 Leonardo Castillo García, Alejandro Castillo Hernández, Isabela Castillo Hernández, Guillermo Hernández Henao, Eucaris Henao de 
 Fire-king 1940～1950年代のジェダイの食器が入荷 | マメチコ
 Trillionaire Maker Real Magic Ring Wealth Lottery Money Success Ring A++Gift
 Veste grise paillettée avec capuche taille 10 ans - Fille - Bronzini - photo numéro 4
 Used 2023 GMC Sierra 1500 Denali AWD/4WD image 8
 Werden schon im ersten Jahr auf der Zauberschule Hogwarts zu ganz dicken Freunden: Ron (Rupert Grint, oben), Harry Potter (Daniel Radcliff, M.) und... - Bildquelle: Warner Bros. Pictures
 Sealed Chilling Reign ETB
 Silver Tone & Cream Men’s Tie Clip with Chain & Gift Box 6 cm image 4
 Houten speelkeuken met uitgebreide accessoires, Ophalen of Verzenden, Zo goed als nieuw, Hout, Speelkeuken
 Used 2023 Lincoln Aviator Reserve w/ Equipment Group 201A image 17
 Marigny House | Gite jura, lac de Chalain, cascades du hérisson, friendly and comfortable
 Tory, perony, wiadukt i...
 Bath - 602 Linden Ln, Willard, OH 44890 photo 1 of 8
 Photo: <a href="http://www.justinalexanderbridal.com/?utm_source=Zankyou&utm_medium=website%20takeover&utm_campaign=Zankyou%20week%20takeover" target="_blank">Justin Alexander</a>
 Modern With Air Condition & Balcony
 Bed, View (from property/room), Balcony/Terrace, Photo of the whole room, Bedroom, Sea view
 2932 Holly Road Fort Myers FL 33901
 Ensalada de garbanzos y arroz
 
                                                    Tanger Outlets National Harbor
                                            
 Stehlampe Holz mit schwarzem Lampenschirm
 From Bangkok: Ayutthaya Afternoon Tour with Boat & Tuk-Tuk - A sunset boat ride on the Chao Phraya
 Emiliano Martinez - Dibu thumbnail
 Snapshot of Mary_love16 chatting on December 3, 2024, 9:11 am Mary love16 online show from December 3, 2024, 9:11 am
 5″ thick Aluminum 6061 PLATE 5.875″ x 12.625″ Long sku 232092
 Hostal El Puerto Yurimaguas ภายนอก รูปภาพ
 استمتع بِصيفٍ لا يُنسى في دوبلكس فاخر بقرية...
——
> **Exercise objective**
Print every record exactly as it was given.

> **Answer space**
 Leonardo Castillo García, Alejandro Castillo Hernández, Isabela Castillo Hernández, Guillermo Hernández Henao, Eucaris Henao de 
 Fire-king 1940～1950年代のジェダイの食器が入荷 | マメチコ
 Trillionaire Maker Real Magic Ring Wealth Lottery Money Success Ring A++Gift
 Veste grise paillettée avec capuche taille 10 ans - Fille - Bronzini - photo numéro 4
 Used 2023 GMC Sierra 1500 Denali AWD/4WD image 8
 Werden schon im ersten Jahr auf der Zauberschule Hogwarts zu ganz dicken Freunden: Ron (Rupert Grint, oben), Harry Potter (Daniel Radcliff, M.) und... - Bildquelle: Warner Bros. Pictures
 Sealed Chilling Reign ETB
 Silver Tone & Cream Men’s Tie Clip with Chain & Gift Box 6 cm image 4
 Houten speelkeuken met uitgebreide accessoires, Ophalen of Verzenden, Zo goed als nieuw, Hout, Speelkeuken
 Used 2023 Lincoln Aviator Reserve w/ Equipment Group 201A image 17
 Marigny House | Gite jura, lac de Chalain, cascades du hérisson, friendly and comfortable
 Tory, perony, wiadukt i...
 Bath - 602 Linden Ln, Willard, OH 44890 photo 1 of 8
 Photo: <a href="http://www.justinalexanderbridal.com/?utm_source=Zankyou&utm_medium=website%20takeover&utm_campaign=Zankyou%20week%20takeover" target="_blank">Justin Alexander</a>
 Modern With Air Condition & Balcony
 Bed, View (from property/room), Balcony/Terrace, Photo of the whole room, Bedroom, Sea view
 2932 Holly Road Fort Myers FL 33901
 Ensalada de garbanzos y arroz
 
                                                    Tanger Outlets National Harbor
                                            
 Stehlampe Holz mit schwarzem Lampenschirm
 From Bangkok: Ayutthaya Afternoon Tour with Boat & Tuk-Tuk - A sunset boat ride on the Chao Phraya
 Emiliano Martinez - Dibu thumbnail
 Snapshot of Mary_love16 chatting on December 3, 2024, 9:11 am Mary love16 online show from December 3, 2024, 9:11 am
 5″ thick Aluminum 6061 PLATE 5.875″ x 12.625″ Long sku 232092
 Hostal El Puerto Yurimaguas ภายนอก รูปภาพ
 استمتع بِصيفٍ لا يُنسى في دوبلكس فاخر بقرية...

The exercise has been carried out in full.